MALDI Imaging’s Clinical Research Advantages

All pharmaceutical scientists share a common goal – to accelerate drug discovery and development efforts through a deeper understanding of biomarkers and the etiology of a disease. Matrix-assisted laser desorption/ionization (MALDI) imaging is becoming increasingly important in clinical research, particularly when we consider its impact in the study and management of cancer. Over the past couple of decades, as we have uncovered specific molecular markers of disease, we have gradually augmented traditional diagnostic histopathology with the use of molecular labels and probes. If we combine this with the knowledge provided by the Human Genome Project in the 1990s and early 2000s, The Cancer Genome Atlas (TCGA) program that began in 2006, and the development of accessible sequencing technologies, we create a new discipline – clinical molecular diagnostics.

Looking back on these developments, one review stated that “pathologists will become pilots for precision medicine cancer therapy through their unique ability to combine morphological and molecular findings (1).” Put simply, pathologists are pioneers in bringing new cancer drugs to life.

Current tools to analyze the tissue microenvironment of disease and determine the locations and interactions of cellular components that dictate disease outcomes include immunohistochemistry, spatial transcriptomics, and imaging mass cytometry. Although each of these techniques offers useful targeted information about proteins in tissues, they also have challenges – for instance, their inability to capture the variety of post-translational modifications in the proteome.
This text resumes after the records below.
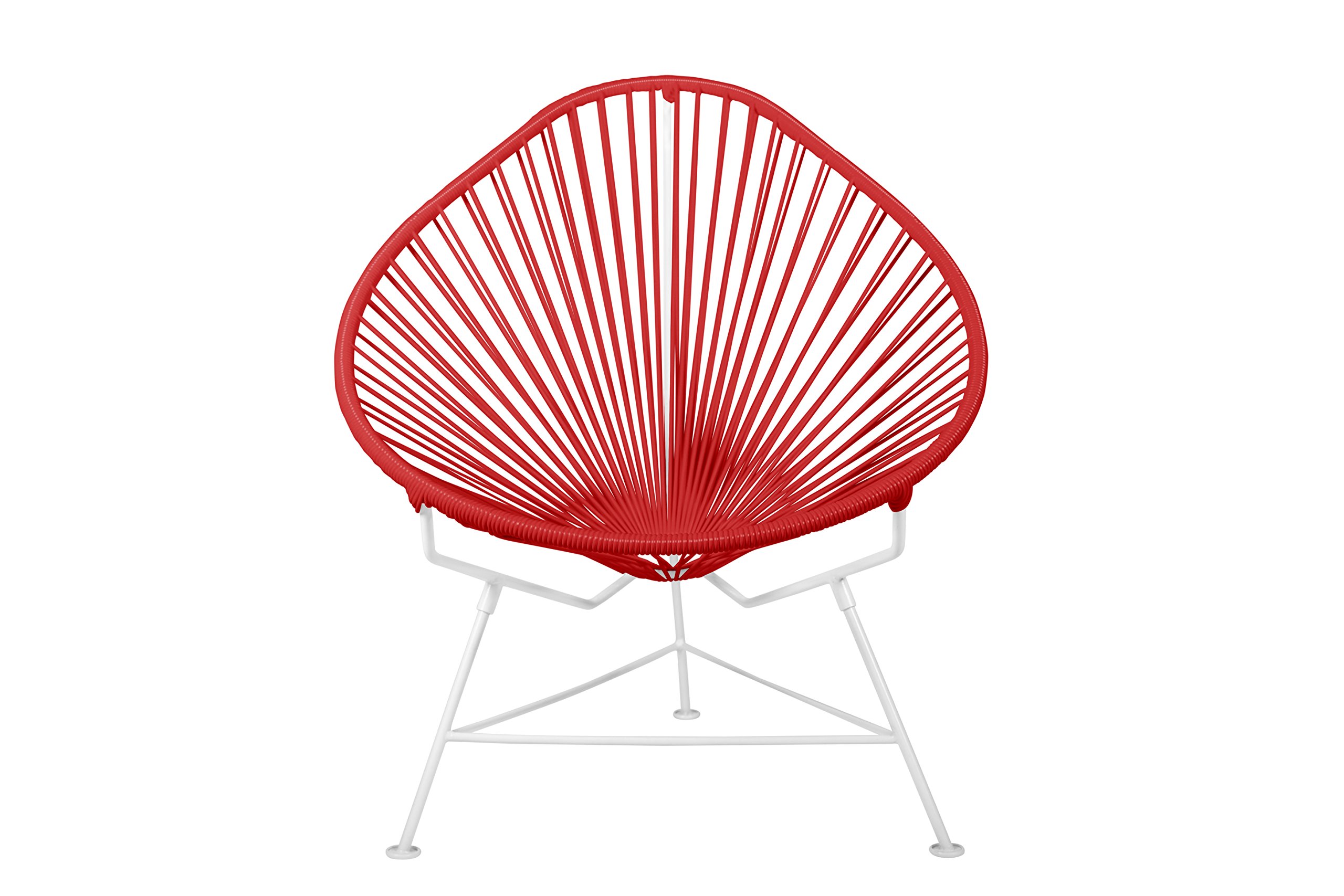Innit Designs Baby Acapulco Chair - Red Woven Rattan on White Metal Frame for Nursery, Patio & Indoor Use - Stylish Kids Furniture for Relaxation & Play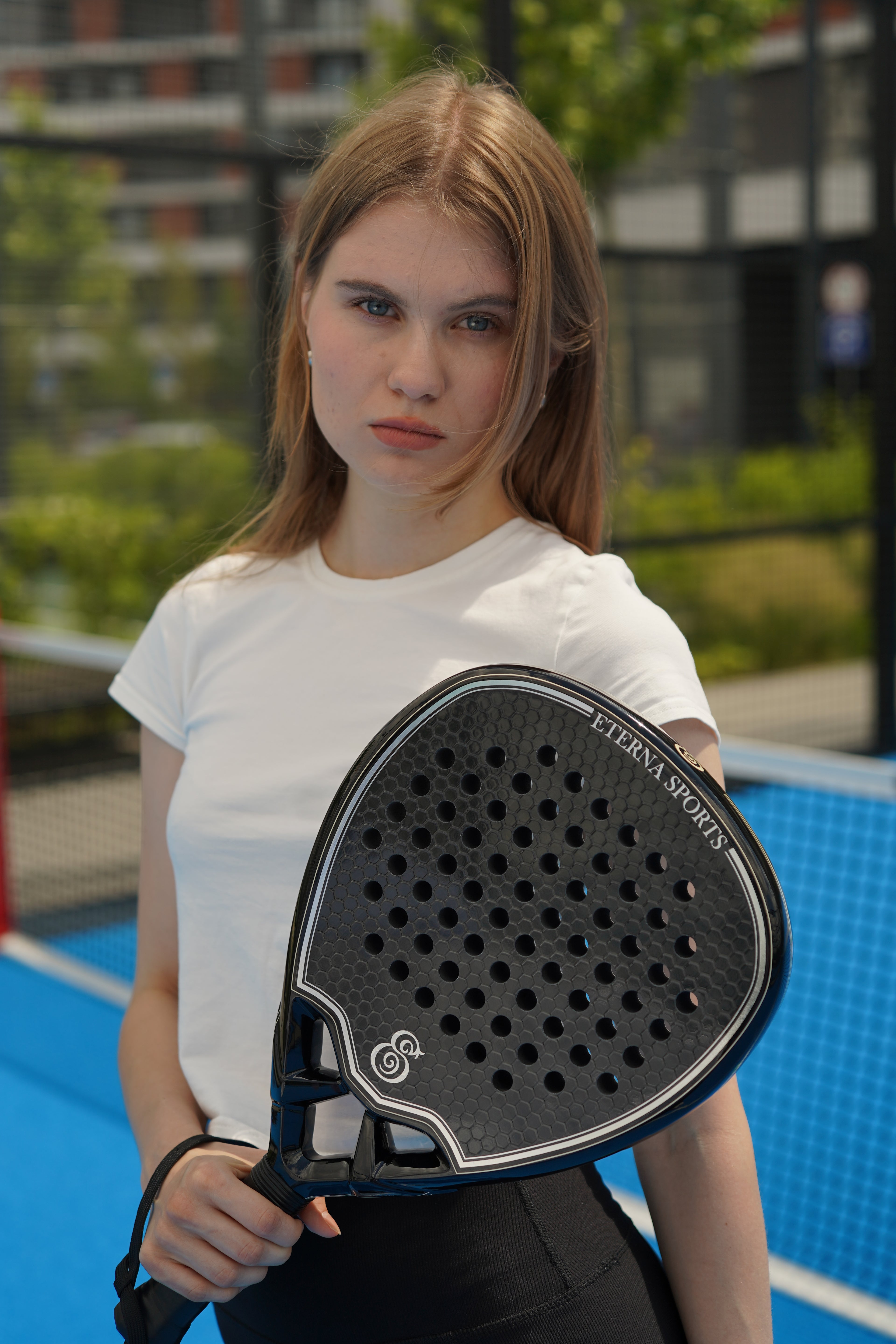 Eterna Sports Tribeca Laser Black Matte padel racket, detail
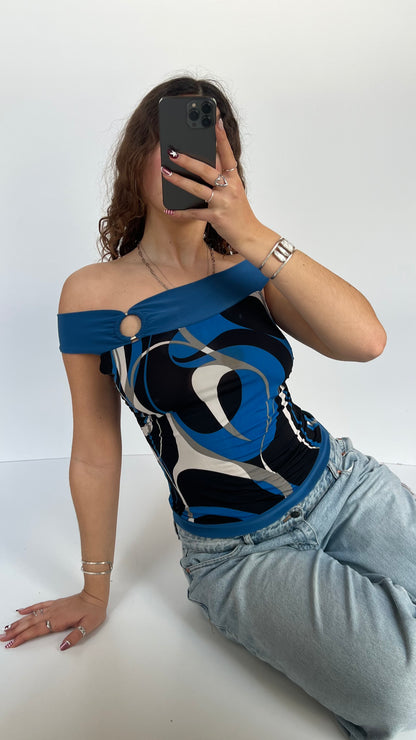 00s blue swirl print top- size M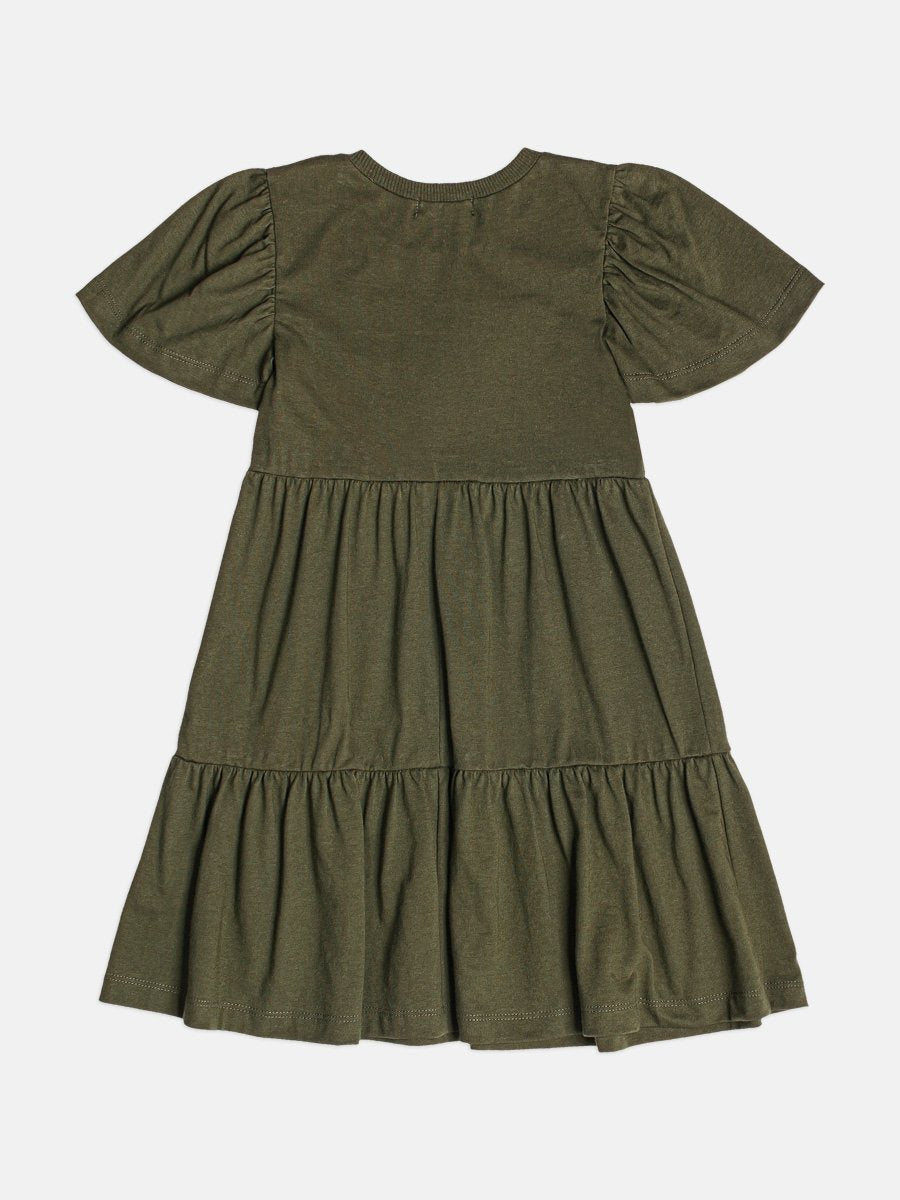 Children's Girl's Short Sleeve Dress with Sequin Bow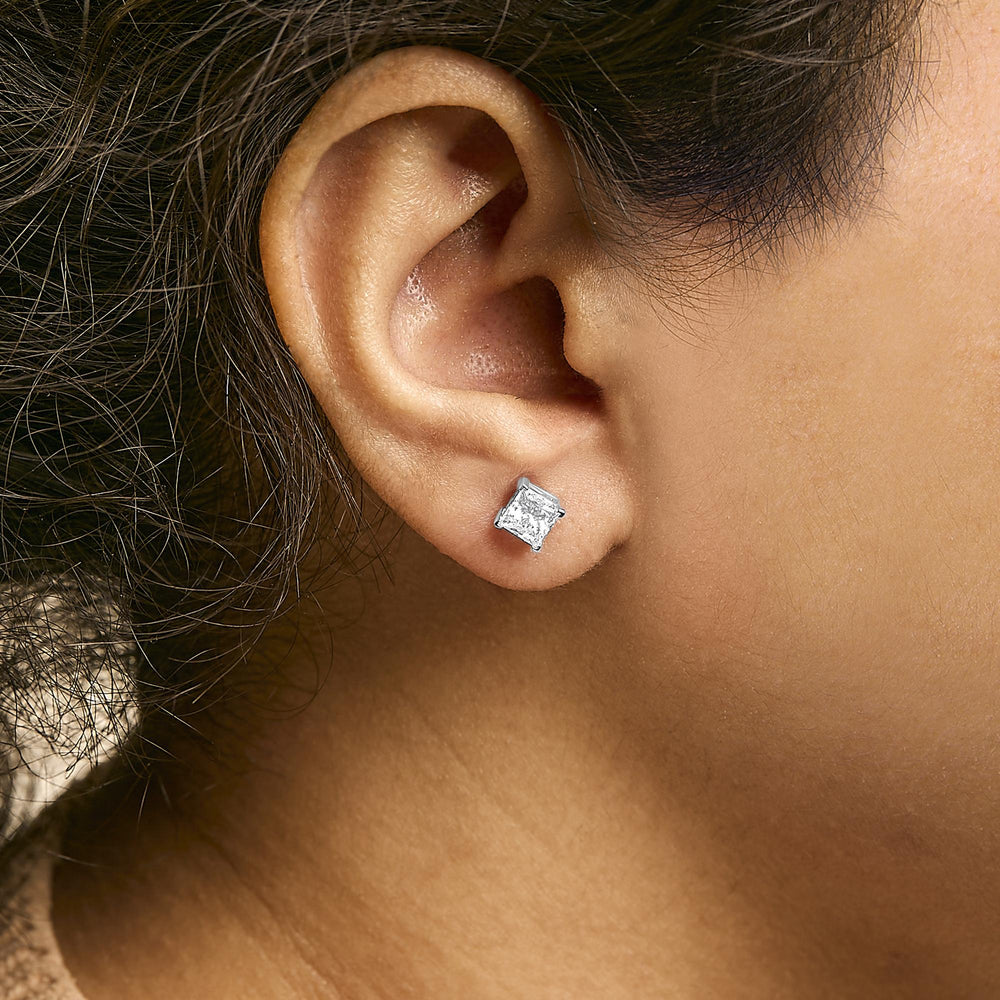 14K White Gold Princess Cut Lab-Grown Diamond Solitaire Stud Earrings (F-G Color, VS2-SI1 Clarity)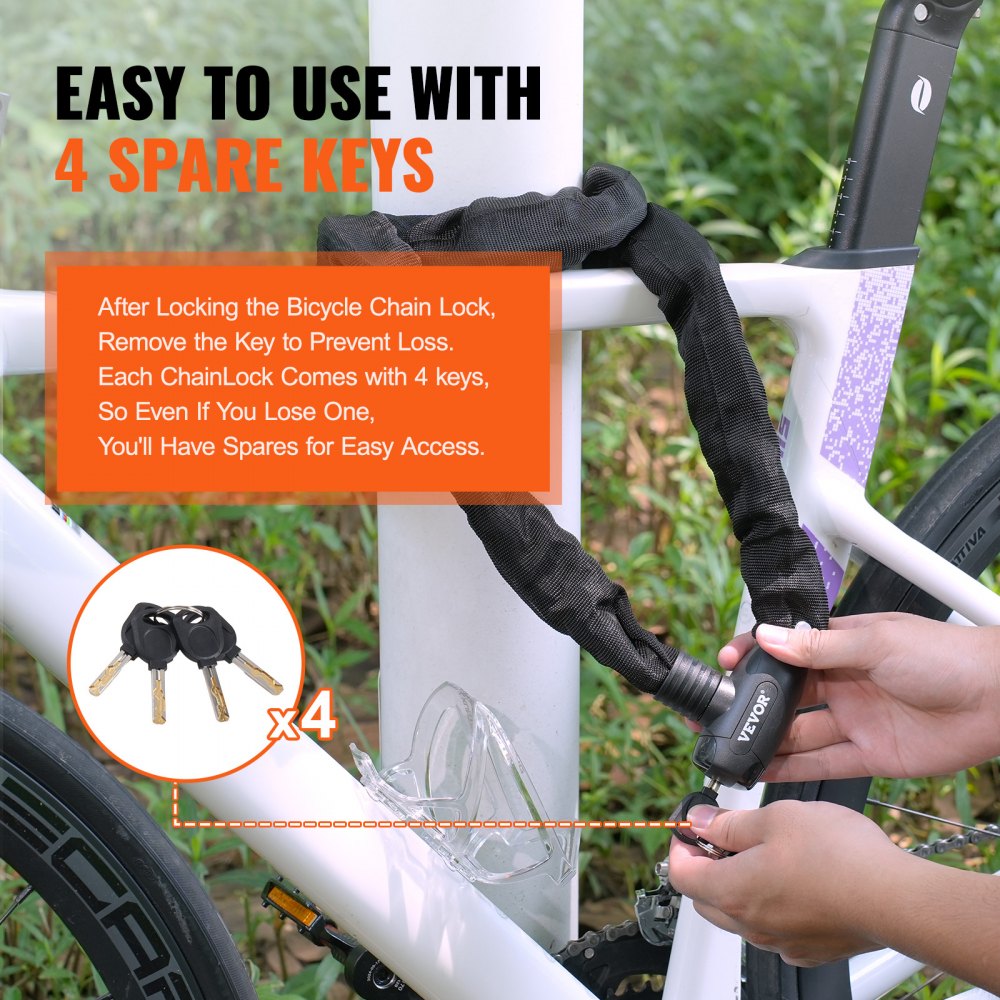 VEVOR Bike Chain Lock, 5.91 Ft Combination Bicycle Chain Lock with 4 Keys, Heavy Duty Anti-Theft High Security Bike Locks, Perfect for Bike, Motorcycle, Scooter, Bicycle, Door, Fence or Gate, 10mm
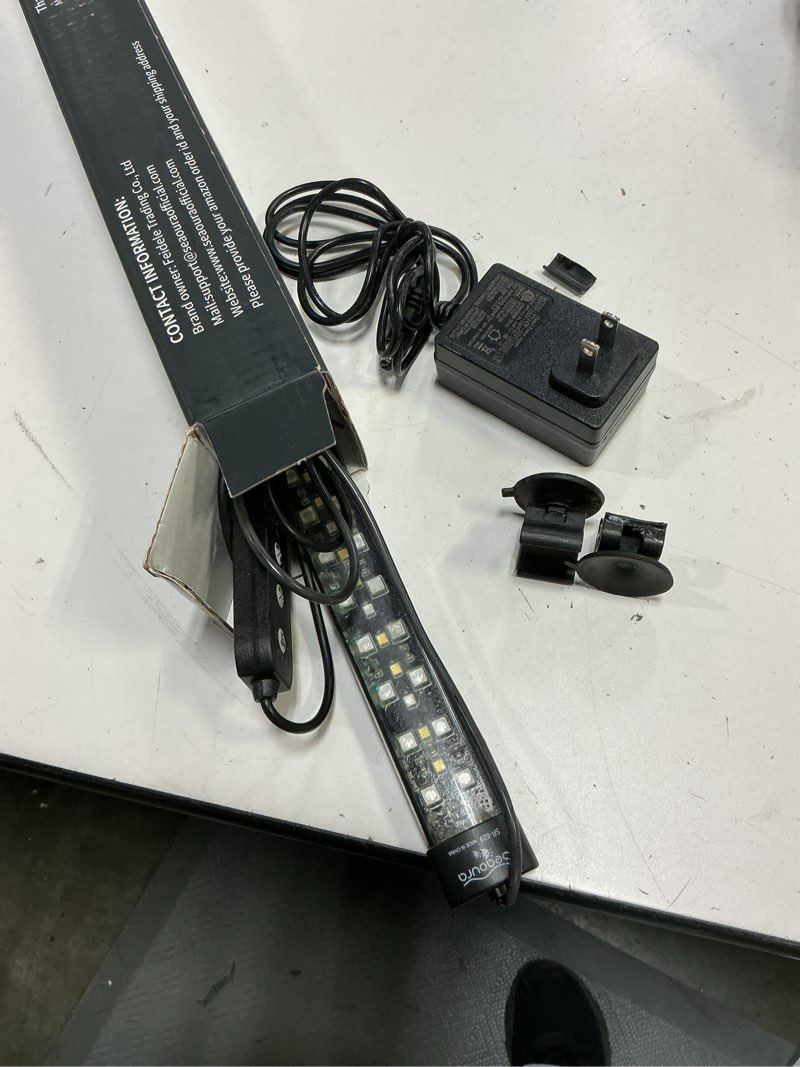 Condition photo showing As Is for seaoura submersible aquarium light for 28 to 54 inch fish tank, 24/7 cycle fish tank light with timer, aquarium plant light with full spectrum+7 single colors, auto on/off, adjustable brightness 26.8 inch length
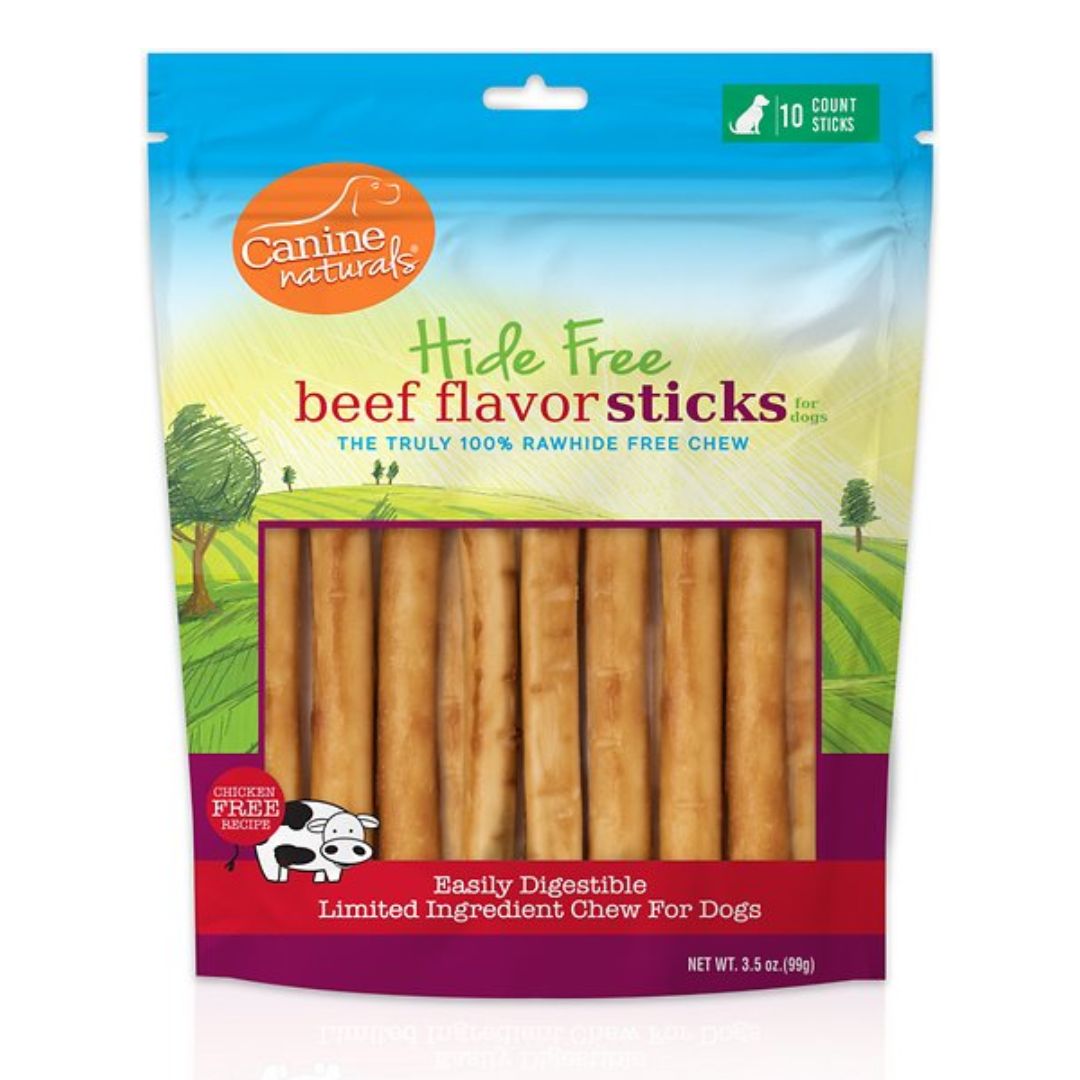 Canine Naturals - Hide Free 5-inch Beef Flavor Stick Dog Chew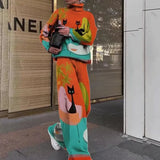 Ladies Long Sleeve Vintage Printed Outfits Fall Winter Women Two Piece Sets Elegant Turtleneck Pullover Top+Wide Leg Pants
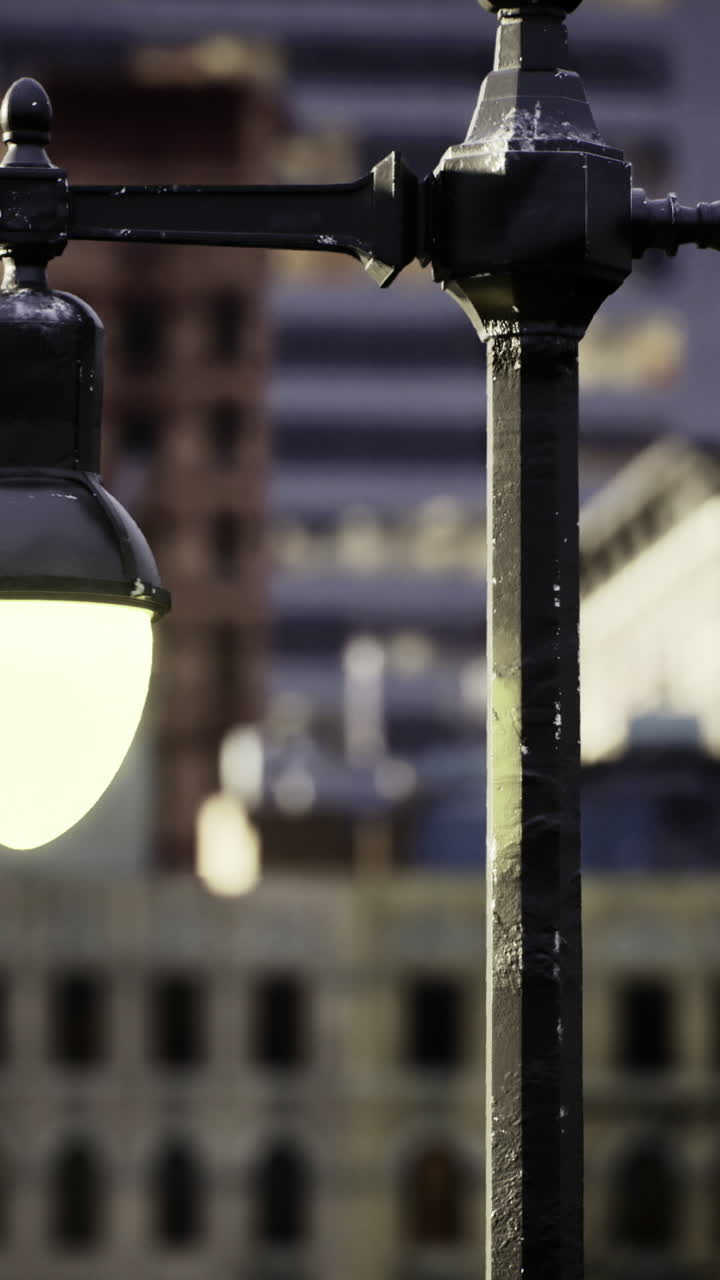 City lights illuminate urban street in evening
In contrast, MALDI imaging presents a label-free tool that captures information about the spatial proteome and additional spatial omic signatures unique to the local cell neighborhood. No prior knowledge of the compounds is required – the technique provides true untargeted molecular analysis in a spatial context. Equally as important, tumor-associated biomolecules that are missed at the gene level can be visualized. Further to this, the MALDI imaging workflow is compatible with standard histological procedures, maintains spatial resolution of around 10 µm, and preserves the tissue section under examination for further study. Its in-depth spatial proteomic, lipidomic, and metabolomic insights complement traditional genomic and transcriptomic methods and can help identify new predictive or prognostic biomarkers and classify heterogeneous tumor subpopulations, yielding important contextual clues to tissue-level communication networks integral to cancer growth and treatment success.

Two recent technological breakthroughs are now being applied to MALDI imaging. First, ion mobility separation has greatly broadened the range of biomolecules that can be analyzed by pre-separation ahead of mass analysis. Second, novel laser-induced post-ionization technology has delivered a quantum leap in MALDI imaging sensitivity – by up to three orders of magnitude.

Clinical research has led the way in using MALDI imaging technology, taking advantage of a label-free analytical tool that can fill in the broad gaps left by spatial transcriptomics and genomics in molecular investigations on tissue samples. It can provide valuable information when it comes to protein modifications after gene expression and visualize additional compounds, such as metabolites, glycans, and lipids – all of which play a role in disease pathology.

In my view, it’s not hard to see the potential of this technology in providing a top-down, disease-centric view of tissues that can inform therapeutic strategies, support diagnosis, and improve patient outcomes. Additional developments to the technology will boost measurement speeds, increase sensitivity (without compromising spatial resolution), and even offer deeper molecular content – important factors that may help accelerate the adoption of MALDI imaging in the routine clinical environment.